**Required work**
Your answer should be a faithful copy of the entire listing.

**Exercise input**
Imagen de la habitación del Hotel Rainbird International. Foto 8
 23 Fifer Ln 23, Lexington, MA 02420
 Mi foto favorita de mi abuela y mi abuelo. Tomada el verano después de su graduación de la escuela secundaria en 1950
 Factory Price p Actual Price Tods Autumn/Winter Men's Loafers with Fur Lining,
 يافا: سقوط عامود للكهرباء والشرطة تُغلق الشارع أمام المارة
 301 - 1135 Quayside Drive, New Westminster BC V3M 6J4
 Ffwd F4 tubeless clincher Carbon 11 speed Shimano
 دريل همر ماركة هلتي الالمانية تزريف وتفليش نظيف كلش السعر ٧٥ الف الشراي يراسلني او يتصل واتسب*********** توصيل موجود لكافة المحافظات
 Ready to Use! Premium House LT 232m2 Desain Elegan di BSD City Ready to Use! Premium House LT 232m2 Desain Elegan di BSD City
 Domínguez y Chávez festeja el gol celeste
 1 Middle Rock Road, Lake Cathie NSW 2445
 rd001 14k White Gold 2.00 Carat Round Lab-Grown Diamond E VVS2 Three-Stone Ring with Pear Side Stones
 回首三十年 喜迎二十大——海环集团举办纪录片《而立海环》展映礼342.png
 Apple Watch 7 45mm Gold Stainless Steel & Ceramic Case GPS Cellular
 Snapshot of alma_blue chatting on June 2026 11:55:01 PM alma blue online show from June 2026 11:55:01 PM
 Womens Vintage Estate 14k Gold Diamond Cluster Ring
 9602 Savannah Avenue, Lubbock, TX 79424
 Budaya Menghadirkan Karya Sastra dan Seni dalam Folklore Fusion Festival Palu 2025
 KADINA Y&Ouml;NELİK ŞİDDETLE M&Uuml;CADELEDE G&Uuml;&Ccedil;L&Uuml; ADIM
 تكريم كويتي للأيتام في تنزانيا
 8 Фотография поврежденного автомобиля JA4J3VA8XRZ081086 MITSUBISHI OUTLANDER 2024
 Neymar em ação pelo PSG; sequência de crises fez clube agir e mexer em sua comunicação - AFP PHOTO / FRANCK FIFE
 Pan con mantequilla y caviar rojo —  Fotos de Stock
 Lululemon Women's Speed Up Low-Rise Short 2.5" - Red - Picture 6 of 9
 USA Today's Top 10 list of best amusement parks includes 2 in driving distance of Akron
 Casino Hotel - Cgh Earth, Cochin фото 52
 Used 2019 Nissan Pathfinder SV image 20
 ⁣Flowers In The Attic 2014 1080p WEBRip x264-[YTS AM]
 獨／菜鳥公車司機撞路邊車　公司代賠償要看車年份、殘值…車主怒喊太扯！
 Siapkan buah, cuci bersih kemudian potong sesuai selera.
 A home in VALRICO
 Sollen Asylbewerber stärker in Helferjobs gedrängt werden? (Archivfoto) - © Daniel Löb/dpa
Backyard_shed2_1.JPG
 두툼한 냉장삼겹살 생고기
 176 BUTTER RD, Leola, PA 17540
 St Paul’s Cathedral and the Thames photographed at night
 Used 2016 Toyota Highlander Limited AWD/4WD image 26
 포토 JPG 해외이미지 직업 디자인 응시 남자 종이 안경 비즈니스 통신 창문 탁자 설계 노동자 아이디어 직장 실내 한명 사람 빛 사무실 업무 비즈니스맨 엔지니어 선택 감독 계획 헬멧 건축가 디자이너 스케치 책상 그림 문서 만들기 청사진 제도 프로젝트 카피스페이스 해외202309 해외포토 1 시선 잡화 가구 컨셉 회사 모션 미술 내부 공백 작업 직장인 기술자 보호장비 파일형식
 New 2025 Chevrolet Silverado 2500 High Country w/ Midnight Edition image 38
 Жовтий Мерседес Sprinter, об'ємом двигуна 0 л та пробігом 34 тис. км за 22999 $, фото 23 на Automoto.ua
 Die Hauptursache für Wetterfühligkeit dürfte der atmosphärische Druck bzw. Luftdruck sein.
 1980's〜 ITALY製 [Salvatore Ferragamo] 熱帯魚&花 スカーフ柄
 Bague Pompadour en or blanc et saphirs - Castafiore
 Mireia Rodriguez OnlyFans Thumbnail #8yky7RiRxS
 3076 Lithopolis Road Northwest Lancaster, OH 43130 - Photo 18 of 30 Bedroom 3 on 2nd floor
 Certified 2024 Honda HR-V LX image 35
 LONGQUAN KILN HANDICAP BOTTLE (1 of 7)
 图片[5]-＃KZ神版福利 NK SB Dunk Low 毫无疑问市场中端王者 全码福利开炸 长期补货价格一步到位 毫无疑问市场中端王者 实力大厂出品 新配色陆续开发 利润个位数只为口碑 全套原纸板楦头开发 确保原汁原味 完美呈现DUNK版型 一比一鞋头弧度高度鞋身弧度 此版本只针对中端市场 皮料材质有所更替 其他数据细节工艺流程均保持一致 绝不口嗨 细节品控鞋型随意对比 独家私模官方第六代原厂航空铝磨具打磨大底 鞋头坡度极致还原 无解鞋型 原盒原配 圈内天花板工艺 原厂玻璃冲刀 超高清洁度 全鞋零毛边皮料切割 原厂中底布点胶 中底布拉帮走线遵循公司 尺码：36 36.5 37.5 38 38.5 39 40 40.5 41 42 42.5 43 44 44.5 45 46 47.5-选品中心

**Solution to this exercise**
Imagen de la habitación del Hotel Rainbird International. Foto 8
 23 Fifer Ln 23, Lexington, MA 02420
 Mi foto favorita de mi abuela y mi abuelo. Tomada el verano después de su graduación de la escuela secundaria en 1950
 Factory Price p Actual Price Tods Autumn/Winter Men's Loafers with Fur Lining,
 يافا: سقوط عامود للكهرباء والشرطة تُغلق الشارع أمام المارة
 301 - 1135 Quayside Drive, New Westminster BC V3M 6J4
 Ffwd F4 tubeless clincher Carbon 11 speed Shimano
 دريل همر ماركة هلتي الالمانية تزريف وتفليش نظيف كلش السعر ٧٥ الف الشراي يراسلني او يتصل واتسب*********** توصيل موجود لكافة المحافظات
 Ready to Use! Premium House LT 232m2 Desain Elegan di BSD City Ready to Use! Premium House LT 232m2 Desain Elegan di BSD City
 Domínguez y Chávez festeja el gol celeste
 1 Middle Rock Road, Lake Cathie NSW 2445
 rd001 14k White Gold 2.00 Carat Round Lab-Grown Diamond E VVS2 Three-Stone Ring with Pear Side Stones
 回首三十年 喜迎二十大——海环集团举办纪录片《而立海环》展映礼342.png
 Apple Watch 7 45mm Gold Stainless Steel & Ceramic Case GPS Cellular
 Snapshot of alma_blue chatting on June 2026 11:55:01 PM alma blue online show from June 2026 11:55:01 PM
 Womens Vintage Estate 14k Gold Diamond Cluster Ring
 9602 Savannah Avenue, Lubbock, TX 79424
 Budaya Menghadirkan Karya Sastra dan Seni dalam Folklore Fusion Festival Palu 2025
 KADINA Y&Ouml;NELİK ŞİDDETLE M&Uuml;CADELEDE G&Uuml;&Ccedil;L&Uuml; ADIM
 تكريم كويتي للأيتام في تنزانيا
 8 Фотография поврежденного автомобиля JA4J3VA8XRZ081086 MITSUBISHI OUTLANDER 2024
 Neymar em ação pelo PSG; sequência de crises fez clube agir e mexer em sua comunicação - AFP PHOTO / FRANCK FIFE
 Pan con mantequilla y caviar rojo —  Fotos de Stock
 Lululemon Women's Speed Up Low-Rise Short 2.5" - Red - Picture 6 of 9
 USA Today's Top 10 list of best amusement parks includes 2 in driving distance of Akron
 Casino Hotel - Cgh Earth, Cochin фото 52
 Used 2019 Nissan Pathfinder SV image 20
 ⁣Flowers In The Attic 2014 1080p WEBRip x264-[YTS AM]
 獨／菜鳥公車司機撞路邊車　公司代賠償要看車年份、殘值…車主怒喊太扯！
 Siapkan buah, cuci bersih kemudian potong sesuai selera.
 A home in VALRICO
 Sollen Asylbewerber stärker in Helferjobs gedrängt werden? (Archivfoto) - © Daniel Löb/dpa
Backyard_shed2_1.JPG
 두툼한 냉장삼겹살 생고기
 176 BUTTER RD, Leola, PA 17540
 St Paul’s Cathedral and the Thames photographed at night
 Used 2016 Toyota Highlander Limited AWD/4WD image 26
 포토 JPG 해외이미지 직업 디자인 응시 남자 종이 안경 비즈니스 통신 창문 탁자 설계 노동자 아이디어 직장 실내 한명 사람 빛 사무실 업무 비즈니스맨 엔지니어 선택 감독 계획 헬멧 건축가 디자이너 스케치 책상 그림 문서 만들기 청사진 제도 프로젝트 카피스페이스 해외202309 해외포토 1 시선 잡화 가구 컨셉 회사 모션 미술 내부 공백 작업 직장인 기술자 보호장비 파일형식
 New 2025 Chevrolet Silverado 2500 High Country w/ Midnight Edition image 38
 Жовтий Мерседес Sprinter, об'ємом двигуна 0 л та пробігом 34 тис. км за 22999 $, фото 23 на Automoto.ua
 Die Hauptursache für Wetterfühligkeit dürfte der atmosphärische Druck bzw. Luftdruck sein.
 1980's〜 ITALY製 [Salvatore Ferragamo] 熱帯魚&花 スカーフ柄
 Bague Pompadour en or blanc et saphirs - Castafiore
 Mireia Rodriguez OnlyFans Thumbnail #8yky7RiRxS
 3076 Lithopolis Road Northwest Lancaster, OH 43130 - Photo 18 of 30 Bedroom 3 on 2nd floor
 Certified 2024 Honda HR-V LX image 35
 LONGQUAN KILN HANDICAP BOTTLE (1 of 7)
 图片[5]-＃KZ神版福利 NK SB Dunk Low 毫无疑问市场中端王者 全码福利开炸 长期补货价格一步到位 毫无疑问市场中端王者 实力大厂出品 新配色陆续开发 利润个位数只为口碑 全套原纸板楦头开发 确保原汁原味 完美呈现DUNK版型 一比一鞋头弧度高度鞋身弧度 此版本只针对中端市场 皮料材质有所更替 其他数据细节工艺流程均保持一致 绝不口嗨 细节品控鞋型随意对比 独家私模官方第六代原厂航空铝磨具打磨大底 鞋头坡度极致还原 无解鞋型 原盒原配 圈内天花板工艺 原厂玻璃冲刀 超高清洁度 全鞋零毛边皮料切割 原厂中底布点胶 中底布拉帮走线遵循公司 尺码：36 36.5 37.5 38 38.5 39 40 40.5 41 42 42.5 43 44 44.5 45 46 47.5-选品中心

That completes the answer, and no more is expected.